"O que contou nesta surpresa da passagem do Aécio Neves (Partido da Social Democracia Brasileira/PSDB) à segunda volta das presidenciais foi a questão da máquina partidária", disse Filipe Vasconcelos Romão, professor na Universidade Autónoma de Lisboa (AUL).
Dilma Rousseff (Partido dos Trabalhadores/PT) foi a candidata mais votada na primeira volta das eleições presidenciais, a 05 de outubro, com 41,59% dos votos, seguida de Aécio Neves (33,55%), com quem disputará a segunda volta.
Marina Silva (Partido Socialista Brasileiro/PSB) - que chegou a estar em segundo lugar, ultrapassando Aécio Neves nas sondagens e ameaçando o primeiro lugar de Dilma Rousseff - foi afastada da corrida presidencial ao ficar em terceiro lugar (21,32%).
"A máquina do PSDB tem uma estrutura muito mais sólida do que o Partido Socialista Brasileiro, de Marina Silva", disse Romão, especialista em Relações Internacionais.
O investigador referiu que três "máquinas partidárias" são muito fortes no Brasil, a do PSDB, do PT e do Trabalhadores e o Partido do Movimento Democrático Brasileiro (PMDB), que está em coligação com o PT nas presidenciais.
"Creio que no Brasil a dimensão dos aparelhos partidários ainda conta muito, ao contrário de outras democracias que já estarão a comunicar através de meios mais avançados, democracias do norte da Europa ou de algumas regiões dos Estados Unidos em que as redes sociais contam muito", indicou.
"Esta campanha, na hora de atuar, fez valer os meios tradicionais, fez valer o PSDB e conseguiu que o seu candidato passar para a segunda volta", avaliou.
Para o investigador Andrés Malamud, "os brasileiros, entre as eleições, pensam várias coisas e mudam muitas vezes de pensamento, mas na hora de votar, votam sempre mais ou menos igual, sem grandes mudanças. Há uma continuidade de partidos e no voto dos eleitores".

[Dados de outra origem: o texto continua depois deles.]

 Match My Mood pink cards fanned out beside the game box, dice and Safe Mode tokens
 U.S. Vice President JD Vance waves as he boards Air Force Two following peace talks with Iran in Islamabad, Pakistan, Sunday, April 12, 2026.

"Isto tem a ver com a grande organização partidária, há apenas três grandes partidos nacionais neste momento no Brasil, o PT e o PMDB, que estão coligados, e o PSDB. São sempre estes que ficam em primeiro lugar nas eleições presidenciais", referiu Malamud, investigador do Instituto de Ciências Sociais (ICS) da Universidade de Lisboa.
"Não devemos pensar que é uma `máquina partidária´ que arrasa com a vontade dos cidadãos. A máquina trabalha em contacto com os cidadãos, a máquina são as pessoas também, a máquina do partido tem militantes funcionários, dirigentes em todo o território, enquanto os novos partidos não tem", referiu Malamud.
Os dois académicos sublinharam também a enorme importância do horário eleitoral televisivo no Brasil, como os grandes partidos tem o domínio deste meio de divulgação e como pode influenciar o voto dos eleitores.
O professor da UAL sublinhou ainda o apoio que o PSDB teve da Rede Globo, o canal de televisão mais visto no Brasil, e de jornais de São Paulo e Rio de Janeiro.
Malamud e Romão também concordam que a campanha para a segunda volta o PT vai utilizar o recurso de comparar os seus 12 anos de governo com os do PSDB (do Presidente Fernando Henrique Cardoso), num discurso de medo, de volta ao passado, da pobreza e desemprego.
Já em relação ao PSDB, Aécio Neves vai continuar com o discurso da mudança, da esperança, ironicamente utilizado pelo PT, sobretudo na campanha de eleição de Lula da Silva.
Romão acredita que a disputa será renhida, mas "há grandes hipóteses de Dilma Rousseff revalidar o seu mandato".
"Penso que não é uma declaração de voto de Marina Silva a Aécio Neves que levará, automaticamente, o eleitorado a votar no PSDB. Muitos destes eleitores de Marina Silva vão votar em Dilma Rousseff", afirmou Romão.
O investigador do ICS acredita que, na segunda volta das presidenciais brasileiras, "qualquer resultado é possível".
Os académicos pensam que a diferença de votos entre os dois candidatos vai ser muito pequena na segunda volta de 26 de outubro.
André Malamud referiu que se houver uma alternância na Presidência, acontecerá, provavelmente, devido aos resultados muito abaixo do esperado da economia brasileira, que este ano tem previsto crescer menos de um por cento.